Una tormenta estaba a punto de llegar en
Cerrito, donde estuve. Era de tardecita y el temporal estaba a minutos. Me escapé de ahí. Crucé el desierto en un guapo cochecito japonés.
Me salvé por un pelo.
Si la lluvia me alcanzaba, me hubiera quedado en pleno desierto, porque cuando llueve hay esterales imposibles de cruzar, como el de la foto.
A lo mejor a mi nomás me interesa lo que me pasó en ese
desértico tramo de 120 kilómetros entre Pilar y Cerrito, Ñeembucú, y por eso les
escribo el caso. Para entender esta suerte de tragedia pónganse en mi lugar
manejando un coche pequeñito, como el mío, entre arenales con profundas
huellas, con la tormenta pisándole los talones cuando la noche empezaba en esas
soledades del sur.
El domingo 16 de diciembre estuve en Cerrito, Ñeembucú, por
estas cuestiones electorales y donde fui designado apoderado general
departamental. A las 17.00 empezamos a contar los votos y nos iba bien hasta
que, como a las 19.00, salgo a la calle y veo que el tiempo estaba oscuro hacia
el sur animado por permanentes relámpagos.
La tarde daba paso a la noche y yo, atrapado, en aquellas
soledades de la república.
Para continuar les quiero decir que Cerrito está al sur de
Pilar. Mientras esta ciudad está sobre el Río Paraguay, Cerrito se encuentra
sobre el Paraná. El camino desde el pueblo intermedio, Villalbín, hasta Cerrito
es de puro arenal con profundas huellas que si el vehículo pancea capaz que
tenga para horas paleando para desestancarlo.
Este desierto fue escenario de la Guerra Grande: Curupayty,
Estero Bellaco, etc. son enormidades donde la reina es la soledad y que, por
desgracia, uno se queda por ahí – y de noche, como si todo fuera nada – nadie
garantiza nada a favor de quién es atrapado.
El autito Toyota con el que crucé el desierto de Ñeembucú, con la tormenta pisándome los talones en plena noche.

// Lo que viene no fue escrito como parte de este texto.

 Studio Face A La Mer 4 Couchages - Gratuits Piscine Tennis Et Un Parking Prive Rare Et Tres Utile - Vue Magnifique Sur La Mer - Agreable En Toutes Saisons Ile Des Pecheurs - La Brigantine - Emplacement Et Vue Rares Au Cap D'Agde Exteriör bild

La foto fue tomada a orillas del Paraná en Cerrito.
Tomo y retomo, he´i Calé: Me percato que la punta de la
tormenta está ahí nomás por lo que me apresuro y arranco el coche y vengo a
todo dar. En ciertos tramos, apenas dos huellas en la arena, alcé hasta 110
kilómetros por hora. Fui pasando en algunos lugares panceando; algunos puentes
de apenas dos tablones pasé como una exhalación, pudiendo haber terminado en
algún arroyo. El autito, un Toyotita, volaba.
Me ayudaba los buenos faros, el freno en buen estado, las
buenas cubiertas, la potencia del motor así como la versatilidad de la máquina.

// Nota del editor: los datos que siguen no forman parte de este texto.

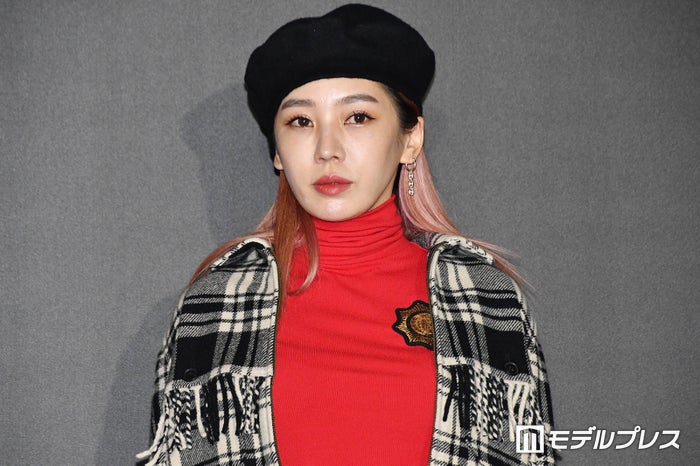 MEGBABY「ギャル、再起動しました」イメチェンショット公開「進化してる」「大人の色気がすごい」と反響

Relampagueaba a mi izquierda y a mi espalda; el viento
soplaba fuerte y yo corriendo en este territorio donde solo había arenas y
montes bajos. Le Dije al Espíritu Santo que él dependía que yo escapara de la
tormenta. Si llovía el autotito no podría aguantar algunos lugares con lodo,
pocos, pero decisivos para la marcha.
La tormenta de arena golpeaba el parabrisa y la chapería a
mi izquierda. En el tablero me fijo en la temperatura del motor, bien; no había
ni una luz roja prendida, me tranquilizaba que el vehículo respondía. En
ciertos tramos no veía las huellas por la tormenta de arena.
Fueron sesenta kilómetros de locura a velocidades no
recomendables para esos lugares y en un auto chiquito. En Villalbín el viento
se calmó pero quedé allí en una posada, cuya dueña me miraba extrañada porque
mi rostro tuvo que haber demostrado el julepe que me pegué. Quizás esos 60
kilómetros de peligros lo hice en unos 50 minutos.
Quedé en la posada del pueblo olvidado y el temporal pasó.
Ahí dormí y al amanecer arranqué el auto, sentí el motor que marchaba perfecto;
me despedí del sitio y tomó rumbo a Pilar y de ahí a Asunción. Todas las
tormentas asustan cuando uno está en el volante de un vehículo, pero cuando a
uno le toma en pleno desierto es otro cantar, por eso les quería contar lo que
me pasó.
Un pueblito, entre Pilar y Villalbín, abandonado a su suerte. La foto tomé al día siguiente de la tormenta que no me alcanzó, aún así pernocté en Villalbín.